Взгляды на искусство подлинных административных руководителей советской культуры, начиная с Луначарского, ни разу не совпали с татлинскими, и ни одна сторона не сделала в этом смысле шага навстречу другой.

А задача строить будущее и создавать искусство будущего – объективная потребность эпохи, как полагали авангардисты, считая себя, по выражению Татлина, «инициативными единицами».

Таков психологический фон и контекст появления проекта «Памятника III Интернационала».

Башня – произведение без аналогов, как и контр-рельефы, оказавшееся не очередным шагом, а гигантским скачком. Она расковала сознание художников (и архитекторов!), придала ему неограниченный масштаб, подтвердила значение творческой фантазии для современного искусства.

Русские авангардисты постепенно отдалились от Татлина, но в истории авангарда рубеж до и после Башни – один из главнейших и многое объясняющих. Мимо Башни не прошел никто.

Она выдержала испытание временем, хотя удостоилась печальной судьбы. Физически утраченная, Башня остается фактом современного искусства: с начала шестидесятых годов к ней возродился острый интерес, который реализовался в попытках воссоздать модель Башни.

Принципиально ценной стороной нашей ретроспективы Татлина является, во-первых, возможность показать все три категории контр-рельефов. К периоду живописных рельефов относится недавно открытый и входящий в художественную жизнь «Голубой контр-рельеф» из частного собрания в Германии. Категория пространственных контр-рельефов, сохраняющих связь с картинной плоскостью, представлена хорошо известным контр-рельефом из ГТГ. Висящий «Угловой контр-рельеф», десятки лет хранившийся в ГРМ размонтированным, теперь собран и в процессе монтировки опознан как авторское повторение работы 1915 года, сделанное на десять лет позднее.

Во-вторых, выставка показывает такую реконструированную модель «Памятника III Интернационала», которая – об этом можно сказать с полной уверенностью – по приближению к оригиналу значительно превосходит все предшествующие работы этого рода.

Дизайн и «Летатлин»

Печь, пальто, проекты чашки, стула и тому подобные работы Татлина непоправимо разочаровали эстетов, явно показали им, что Татлин не художник. А долгая возня с самодеятельным летательным аппаратом разочаровала техницистов: Татлин, конечно, не инженер, а наивный любитель, увлеченный странным хобби. Сторонники Татлина всемерно подчеркивают, что он «мастер», «мастеровой», знаток и ценитель хороших материалов, инструментов, технических приемов, то есть укрепляют за ним уважаемый, но всегда второстепенный в России имидж. А в новом искусствоведении многие, экстраполируя эмпирические факты в сферу обобщений, называют Татлина утилитаристом, прагматистом, техницистом, рационалистом; вообще считают его материалистом в самом элементарном смысле.
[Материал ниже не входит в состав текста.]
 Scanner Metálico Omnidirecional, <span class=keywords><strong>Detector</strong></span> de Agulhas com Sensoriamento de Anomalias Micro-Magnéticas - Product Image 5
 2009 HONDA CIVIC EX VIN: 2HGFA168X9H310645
Всё это тоже легенды, только антитатлинские (вполне намеренно внес сюда свой вклад Малевич: он при каждой возможности методично развенчивал татлинское искусство, сводил его к частному случаю внутри авангардного движения). У легенд свои механизмы действия – на основе фразы Пунина о шуточном «разделе» Татлиным и Малевичем «земли и неба» да из давнишней классификации Б. Арватова («материализм – идеализм») [28] составляются другие пары оппозиций, будто бы характеризующие этих художников: «конструкция – интуиция», «рационализм – иррациональность», «бездуховность – духовность» и т. д.
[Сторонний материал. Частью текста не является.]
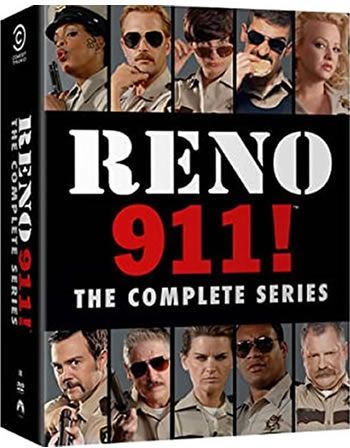 Reno 911 Complete Series 1-6  (14-Disc 2003-2009)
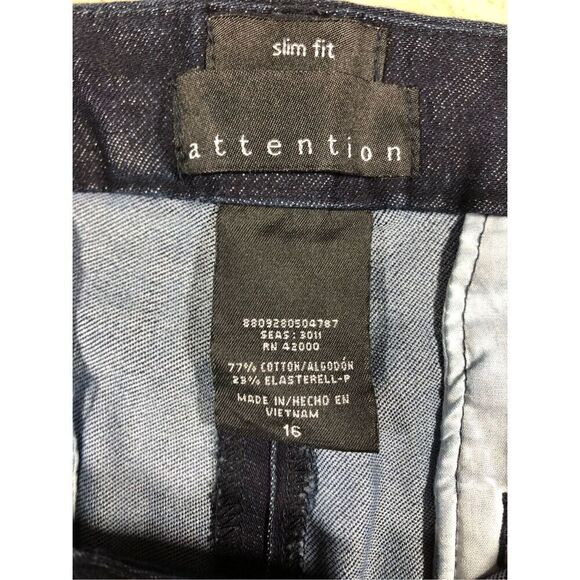 Attention Size 16 NWT from Kmart (Who remembers the Blue Light Specials?) - Picture 3 of 3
Искусство Татлина, очевидно, не рационалистично. И как раз Пунин в 1923 году специально отмечал разницу между «татлиновскими методами постижения» и «рационалистической системой творчества Малевича» [29]. Тогда же он касался еще одной антитатлинской легенды: «Одно время на Татлина возлагали ответственность за систему так называемого индустриального конструктивизма <…> но <…> единственными виновниками этого были недоучившиеся татлиновские ученики» [30]. Не менее интересно свидетельство А. Певзнера о том, что в «разговорах со своими противниками Татлин <…> проявлял себя антиматериалистом, антиконформистом и беспрестанно протестовал против утилитаризации и поддержки прикладного искусства сторонниками догматического рационализма» [31]. Как же увязать всё это?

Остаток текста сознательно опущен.